---- Data
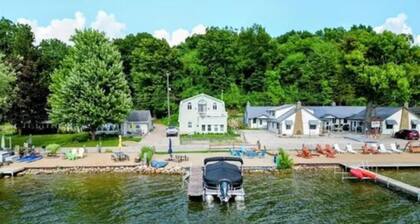Lakeside Beach Getaway with A Gorgeous Kitchen & Dining Room with Room for 10.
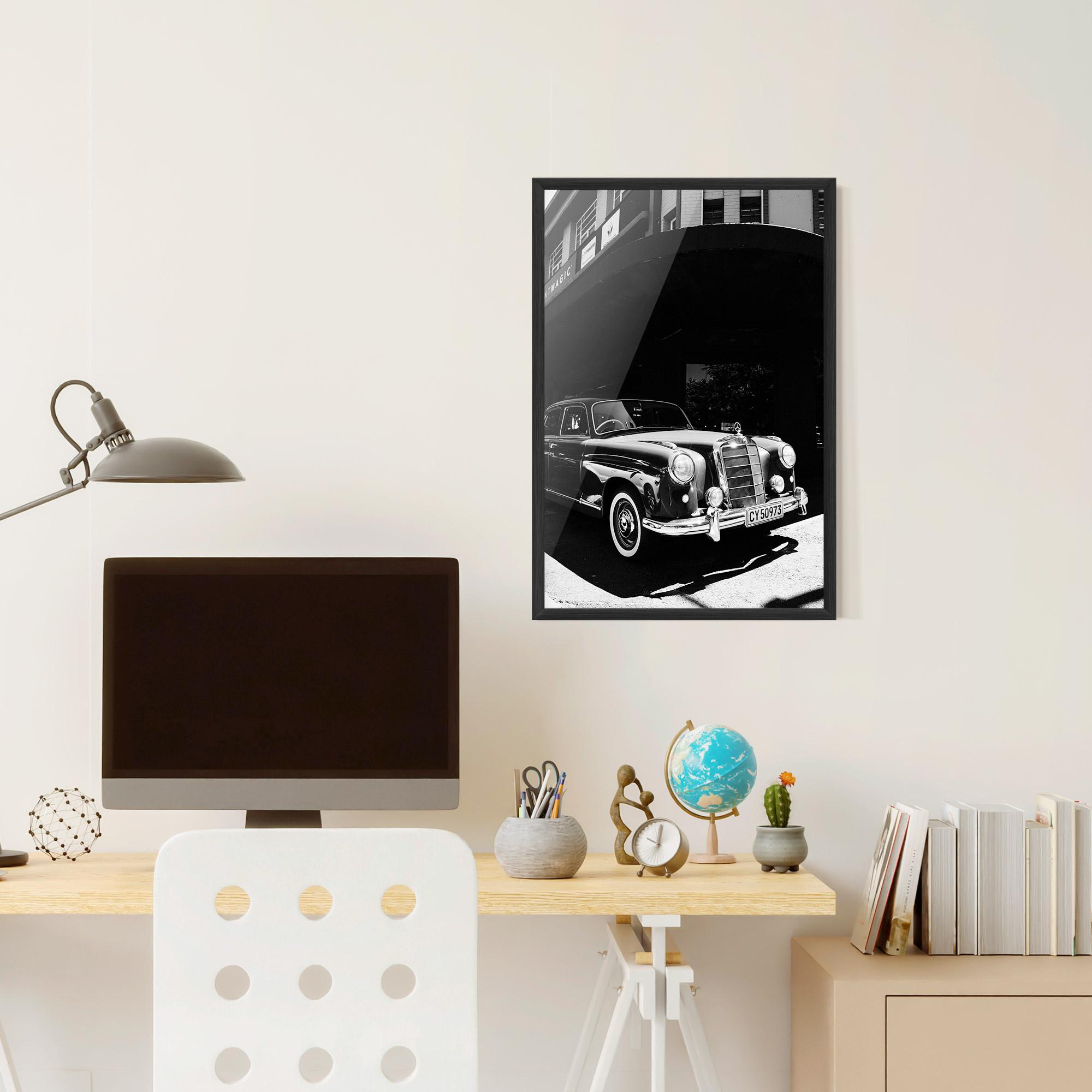 Gerahmte Poster Old Black Car mockup 6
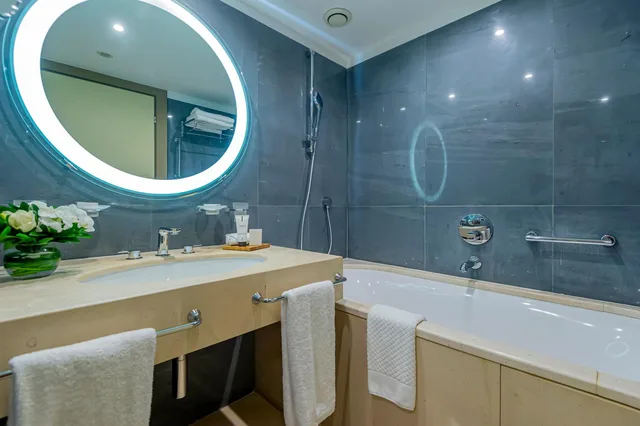 غرفة سوبيريور بإطلالة على المرفأ، Port Palace Hotel 8/10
--------
### Exercise description
The answer must be the full listing above, copied exactly, with no pictures in it.

### Answer space
Lakeside Beach Getaway with A Gorgeous Kitchen & Dining Room with Room for 10.
 Gerahmte Poster Old Black Car mockup 6
 غرفة سوبيريور بإطلالة على المرفأ، Port Palace Hotel 8/10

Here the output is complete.